| Teada Explore Roots With New Tour
By Paul Keating
One of the more colorful traditions associated with an Irish Christmas
is the Wren Boys and the custom of visiting from house to house offering
a bit of song or music in exchange for a small treat or coin.
Two Irish groups have developed their own approach to this Christmas
tradition.
On an ambitious 15 gig tour are Teada (pronounced tay-da), with a show
they are calling “An Irish Christmas in America” and it features special
guest artists like singer Cathie Ryan, harpist Grainne Hambly and piper
Tommy Martin to augment the well-travelled quintet.
Led by fiddler Oisin MacDiarmada, Teada members are Sean McElwain (guitar/bouzouki),
Paul Finn (accordion), Damien Stenson (flute) and bodhran player Tristan
Rosenstock, who looked for a broader approach on this tour.

With their last album for Green Linnet entitled Give Us a Penny and Let
Us Be Gone, previously proclaimed in verse by the Wren Boys as they travelled
from house to house, they didn’t have to look very far for a central theme
for the new show.
The December timing was ideal for breaking out of their usual performance
format of hardcore trad music and allowing the twentysomething members of
the band to explore some ancient Irish folklore.
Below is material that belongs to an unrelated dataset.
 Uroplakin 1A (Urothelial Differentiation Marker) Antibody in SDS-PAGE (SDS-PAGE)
They struck up a great musical friendship with Cathie Ryan on a joint
tour last year in New Mexico and looked for an opportunity to perform together
again.
The chance to highlight two of Ireland’s symbolic instruments in the
harp playing of Hambly and uilleann pipes with Tommy Martin rounds out the
show even more. Local dance troupes were invited to perform as well so the
package is complete for a night of great entertainment.
The tour begins out west in Arizona and California on December 1 and
concludes on December 18 in Earleville, New York.
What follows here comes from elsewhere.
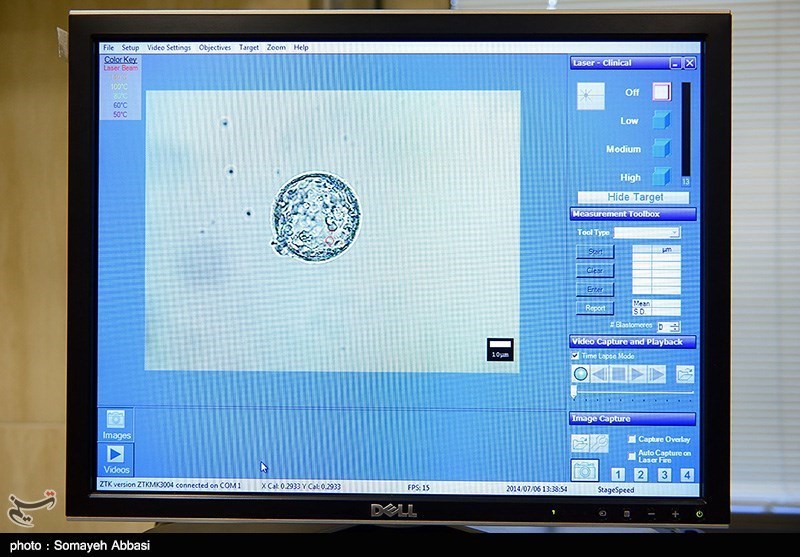 Researchers Discover New Possible Explanation for Female Infertility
Their East Coast appearances are — December 9 at the National Geographic
Auditorium in Washington D.C., December 11 in Manhattan at Joe’s Pub in
the East Village for three one-hour shows (3, 7:30 and 9:30 p.m.), December
14 in Lakewood at the Strand Theatre and the following night in Morristown,
New Jersey at the Morristown Unitarian Fellowship. Full details of the tour
and the show can be found at
www.teada.com.
Nothing surpasses the Christmas message of giving to the less fortunate
and the tour has an “unofficial” sponsor in the Irish relief agency Concern
which is always there to help alleviate human suffering around the world
and most recently for the victims of earthquake in Pakistan. There will
be information at all the shows on how we can all help.